Why? Many times in the past people have stated that mice and other rodents aren't ideal subjects in studies that relate to humans but that doesn't appear to be the case

https://www.livescience.com/32860-why-do-medical-researchers...

And another article states 'Nobel-winning scientific achievements such as the discovery of vitamin K, the development of the polio vaccine, the invention of monoclonal antibody technology now used for cancer treatment, and the unravelling of how neurons talk with each other in the brain all would not have occurred without mice."

https://www.blood.ca/en/research/our-research-stories/resear...


> Every scientific study related to diet, nutrition, and exercise?

Pretty much. All the mouse stuff, self reporting, and meta-studies and you're already at what, 90-95%?

> Why do they have to practice some fitness or nutritional art to study it

Skin in the game and incentives besides "increase # of studies/citations" and "get grant money."

Discovering vitamins was great, same for vaccines and probably monoclonal antibodies.
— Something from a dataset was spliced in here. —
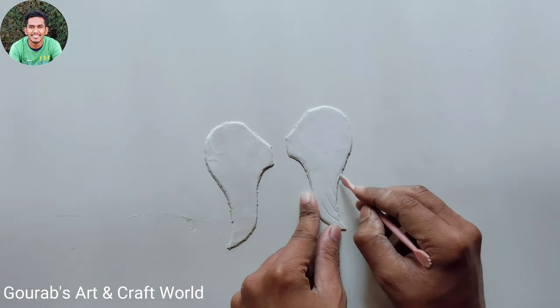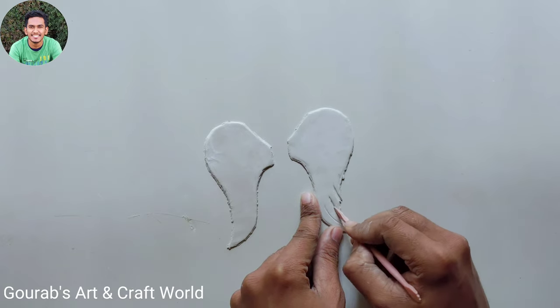Now we will have to give some detailings — that is, we will have to create some feathers in this way by using clay modeling tools.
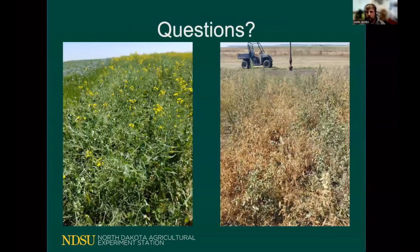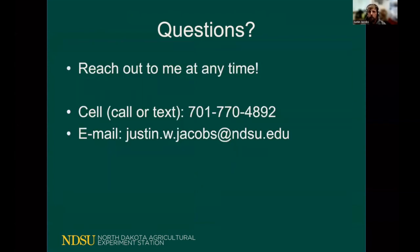I truly believe that peas and canola are one of the easiest crop combinations to start with when it comes to looking at intercropping — consider this to be the beginner mix. It can be customized very easily and it can show a wealth of benefits both on the economic and production side. Please reach out to me at any time by call, text, or email. Charlie and TJ will be relaying any questions to me and I'll do my best to answer those as they come in. Thank you again for letting me present.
I don't know anything about monoclonal antibodies.

What I do know is that Big Science knows 0 about diet (fat loss in particular) and exercise. They're not even wrong, they're just so insulated from reality that they're in the wrong ballpark.


Agreed as far as nutrition is concerned.

Look at the cholesterol and fat-related "common wisdom" they promoted for decades: saturated fats bad, animal fats bad because cholesterol, etc.

Meanwhile I looked at my biochemistry textbook where the biosynthetic pathway for cholesterol began with Acetyl-CoA, which means that almost everything can be a precursor for cholesterol in the organism, be it carbohydrates, proteins, sugars, anything. The corollary for this is that should you want to reduce your cholesterol levels, a more appropriate course would have been to lower your calorie intake and perhaps a strategy to block cholesterol reabsorption on the digestive tract (the enterohepatic cycle) than just seeking a "low-fat" diet.

Today this perception was corrected, but it was sacred dogma for decades despite it conflicted with the basic facts of human biochemistry.


You're entirely correct.

And since bad medicine dies one physician at a time, I know diabetics who were warned about saturated fat literally THIS WEEK. So the mistake might've been corrected in that it's not taught as dogma any more, but it'll take another 20-30 years for physicians to stop doling out this misinformation. To a diabetic, nonetheless.


"What I do know is that Big Science knows 0 about diet (fat loss in particular) and exercise. "

How do you know this?


How many people have they helped lose weight? Reddit alone works way better than Big Science does in any practical, skin-in-the-game domain like diet/fat loss/exercise.

I also know that many of the things they say or used to say that are still standard doctrine are just flat-out wrong, which I've confirmed in my own experiments.